Seize minutes d’archives et de témoignages sur la construction du centre spatial guyanais à Kourou, et surtout une histoire. Celle des plus de 600 Guyanais et Guyanaises expropriés pour mener à bien ce projet. "On a voulu aborder la conquête spatiale française d’un point de vue guyanais, puisqu’on connaissait cette histoire des expropriés" argumente Audrey Jean-Baptiste.
Pour leur première coréalisation, quoi de mieux que ce sujet pour Audrey et Maxime Jean-Baptiste. Le court-métrage s’inscrit dans un appel à projets lancé par le CNES pour faire un film à partir d’images d’archives. "L’année où on a décidé de candidater, le thème était la construction du centre spatial de Guyane à Kourou. On a été tout de suite intéressé tous les deux, assez vite, on s’est dit que c’était l’occasion de travailler ensemble sur un film. » poursuit Audrey.

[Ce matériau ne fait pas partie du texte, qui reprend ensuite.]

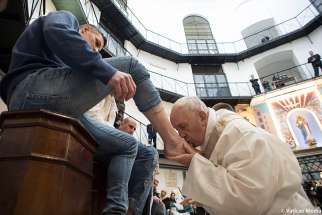 Pope Francis kisses the foot of an inmate during Holy Thursday Mass at Regina Coeli prison in Rome in this March 29, 2018, file photo. The pope will wash the feet of prisoners on Holy Thursday at Velletri Correctional Facility, about 36 miles south of Rome.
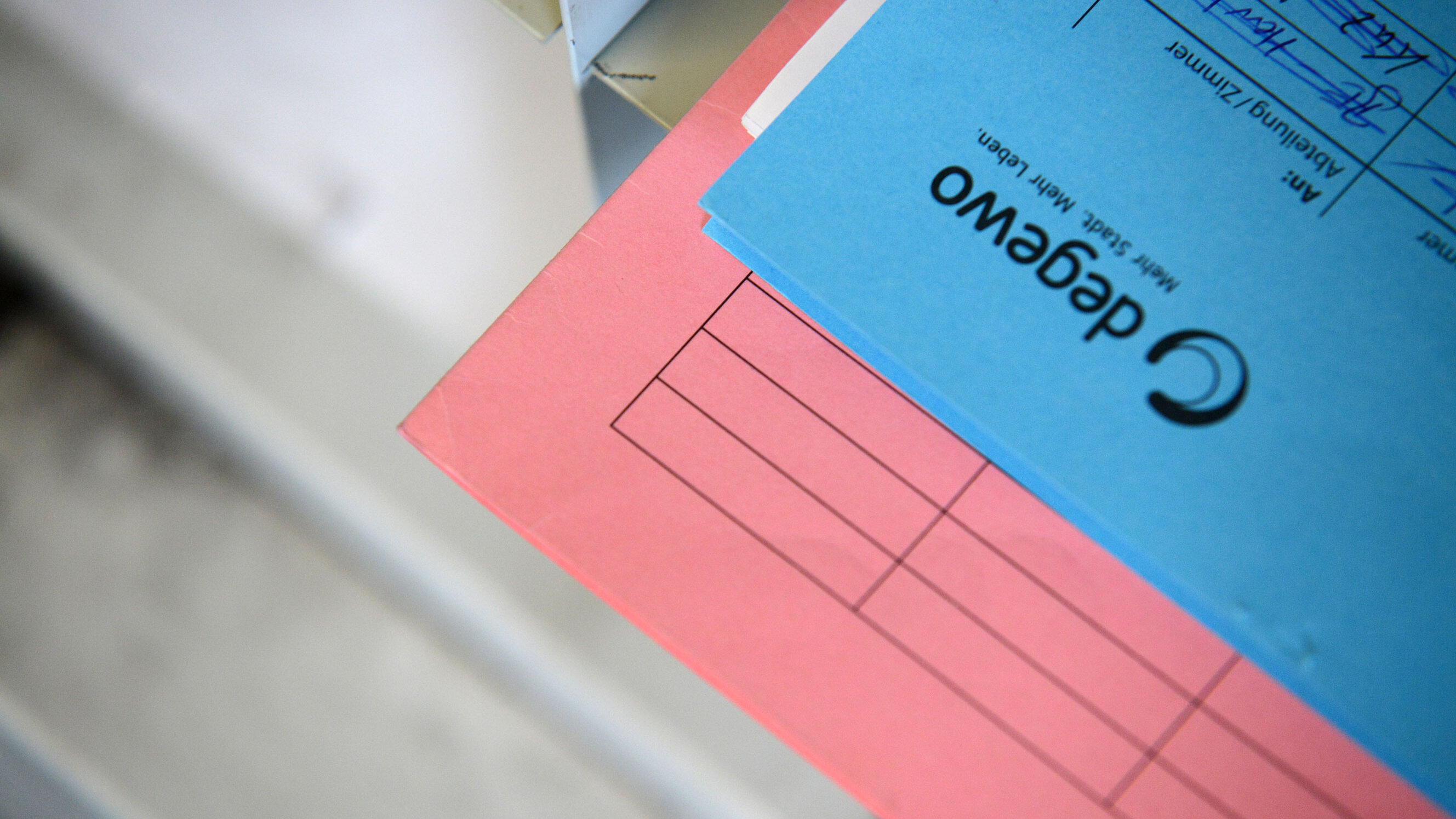 Nahaufnahme eines rosa und eines blauen Aktenordners mit degewo-Logo; der blaue Ordner liegt teilweise auf dem rosa Ordner, auf dem Deckblatt sind vorgedruckte Formularfelder und handschriftliche Einträge zu erkennen.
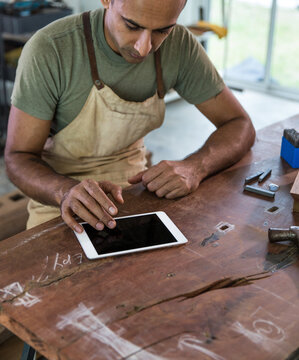 Man Working On IPad In His Workshop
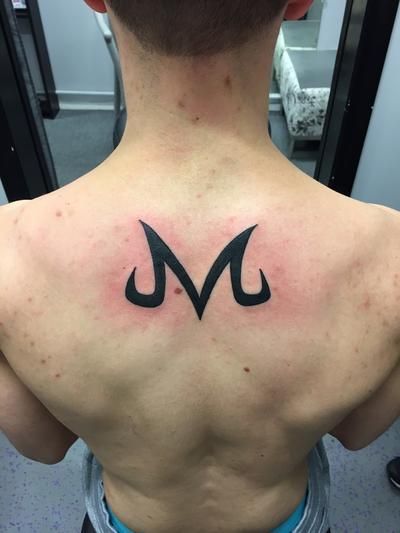 Majin Vegeta Tattoos #majinvegetatattoos #dragonballtattoo #majinvegeta #majin Vegeta Symbol Tattoo, Majin M Tattoo, Majin Tattoo Ideas, Majin Symbol Tattoo, Majin Boo Tattoo, Vegeta Tattoo Ideas, Dbz Tattoo Ideas, Tatuaje Dragon Ball, Majin Buu Tattoo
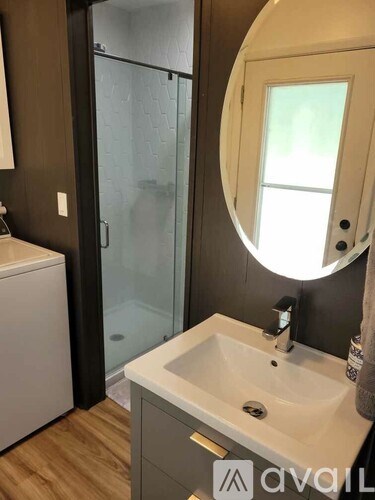 A bathroom with a round mirror, a sink, and a shower.
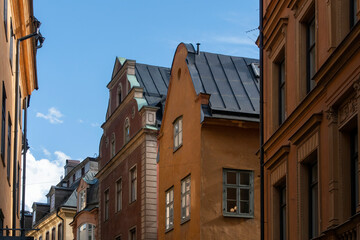 Stockholm, Sweden, historic buildings in Gamla stan (oldtown) against a blue sky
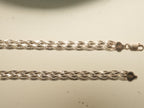 Close view of the braided herringbone ribbon and the end caps on the rose gold plated payal.
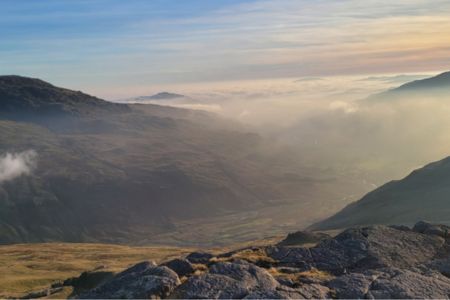 Mist on top of rolling hills in the Duddon Valley, a rugged landscape with mountains and rocks.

La mémoire du rapport au spatial en Guyane
"Ce n'est pas juste un film, c’est un lieu où on peut se renseigner sur l’histoire, observe Maxime Jean-Baptiste. Connaitre des faits et mieux comprendre que l’aventure spatiale en Guyane, elle a un prix. Je pense que le film peut aussi faire office d’archives." Pour le frère et la sœur, cette histoire particulière des expropriations, très peu connue de l’Hexagone, évoque plus largement le rapport de fascination et de distance qu’ont les guyanais avec l’aventure spatiale de Kourou. Alors, les témoignages interprétés par la comédienne kouroucienne Rose Martine, côtoient les images d’archives datant de plus de 60 ans.

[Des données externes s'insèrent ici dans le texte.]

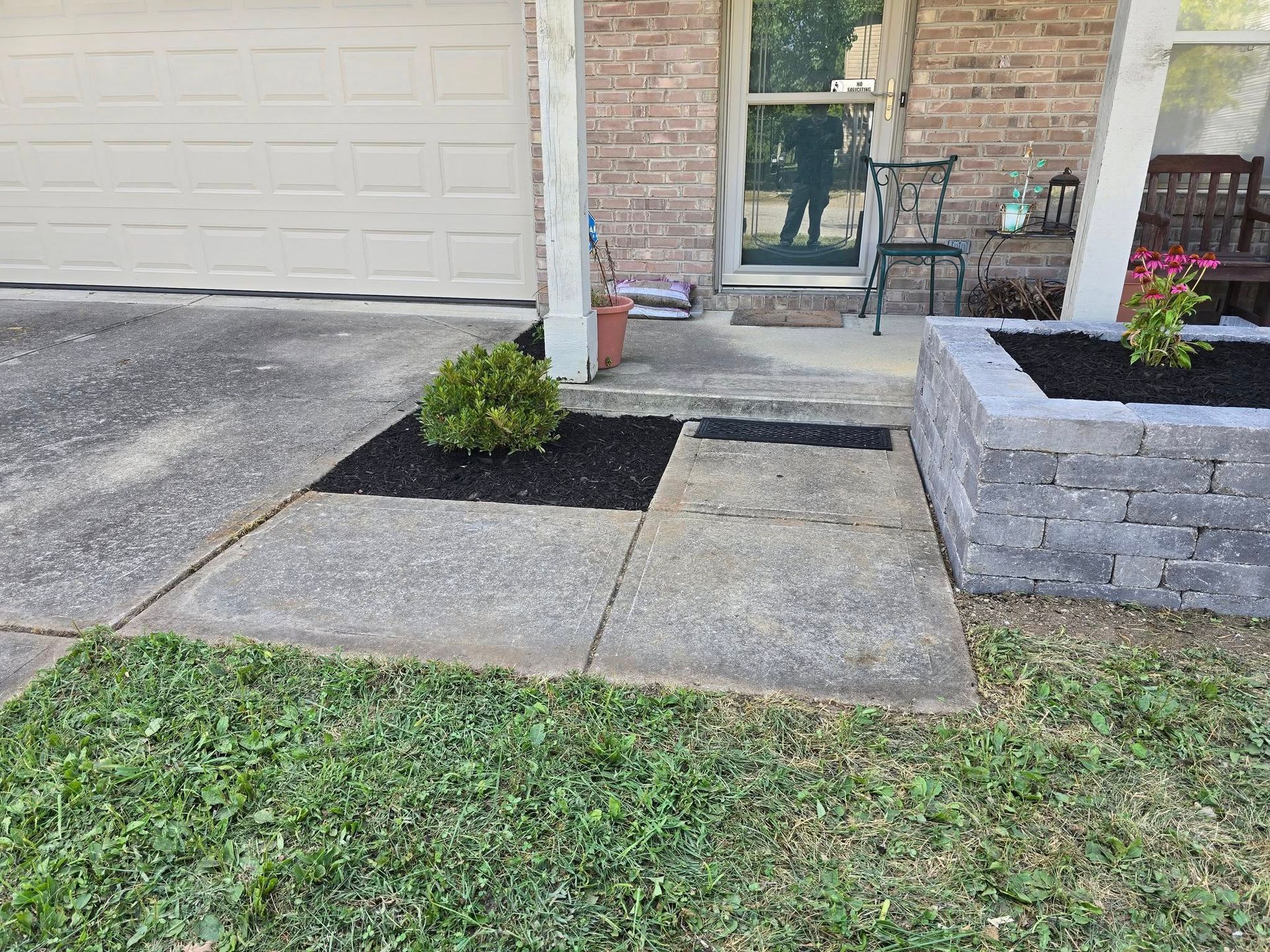 Concrete walkway leads to a front door with a small, landscaped garden bed with dark mulch and a brick retaining wall.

Au-delà de cette histoire particulière et de l’issue de la cérémonie, c’est la Guyane qu’Audrey et Maxime Jean-Baptiste veulent représenter aux Césars. "De ma vie d’adulte cinéphile, je n’ai pas vu de film guyanais aux Césars, peut-être qu’il y en a eu avant et on n’a pas la mémoire de ça, mais rien que ça au-delà du film pour nous, c'est une grande fierté" conclue Audrey. Sentiment partagé par son frère Maxime, qui espère que le cinéma ultramarin pourra se faire une place plus nette dans le paysage français : "On minimise beaucoup les territoires d’outre-mer, comme des territoires de seconde zone qui n’ont rien à dire alors que pas du tout. Il y a un cinéma, une culture qui est propre. Des désirs et des façons de voir le cinéma, et c’est très important de dire ça".
Les deux jeunes réalisateurs guyanais sont déjà lancés dans leur seconde collaboration, un film documentaire de Maxime, coécrit avec Audrey, sur l’histoire de leur cousin Lucas Diomar, tué à Cayenne en 2012.